**WHAT THE EXERCISE ASKS**. These records contain pictures, which must be left out; copy exactly the lines from the one with "111 Sunset Way, Zillah, WA 98953 - #3" up to and including the one with "Misha Ghoshal Instagram".

*** Opening of ENTRIES SUPPLIED ***

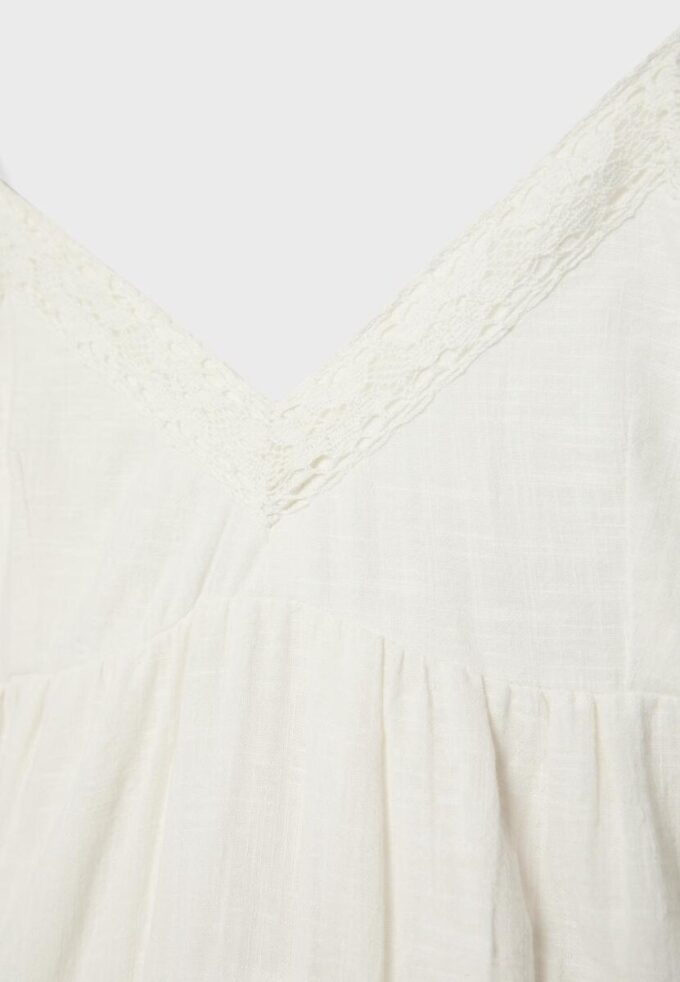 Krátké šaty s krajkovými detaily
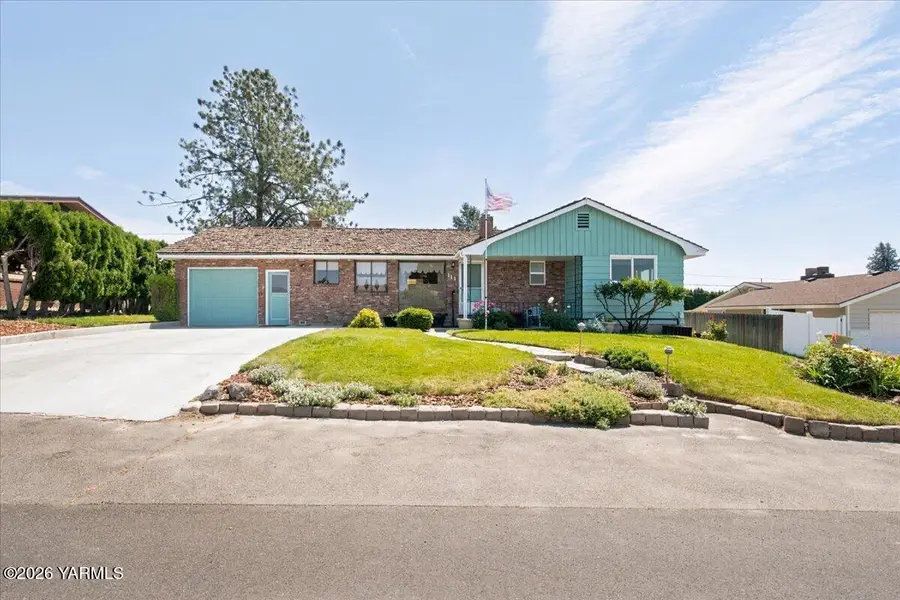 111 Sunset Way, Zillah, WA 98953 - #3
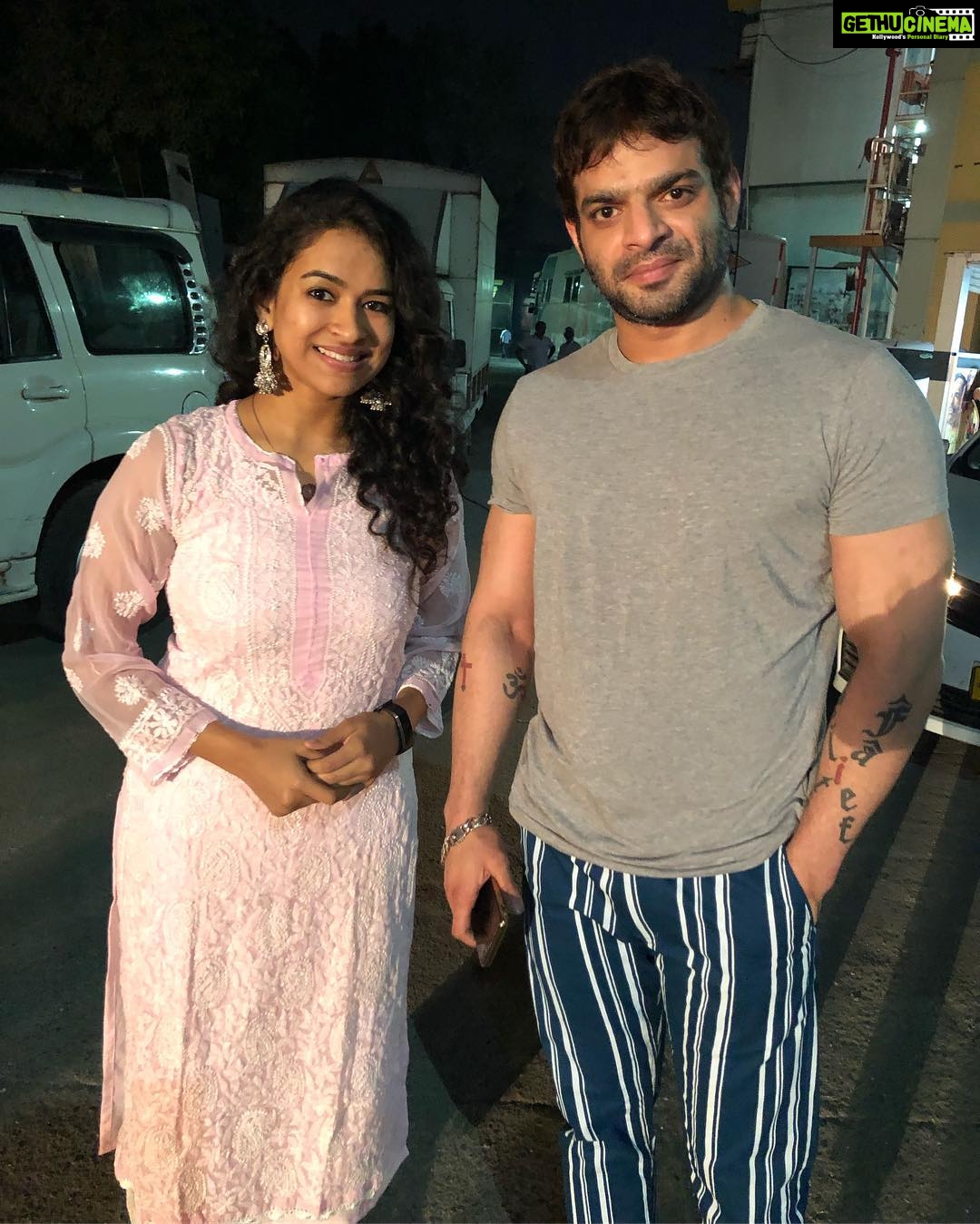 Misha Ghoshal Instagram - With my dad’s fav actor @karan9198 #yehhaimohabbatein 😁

*** Close of ENTRIES SUPPLIED ***
*** Opening of ENTRIES SUPPLIED ***

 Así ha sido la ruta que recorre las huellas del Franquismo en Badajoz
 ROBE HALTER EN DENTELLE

*** Close of ENTRIES SUPPLIED ***

**RESULT BELOW**.
 111 Sunset Way, Zillah, WA 98953 - #3
 Misha Ghoshal Instagram - With my dad’s fav actor @karan9198 #yehhaimohabbatein 😁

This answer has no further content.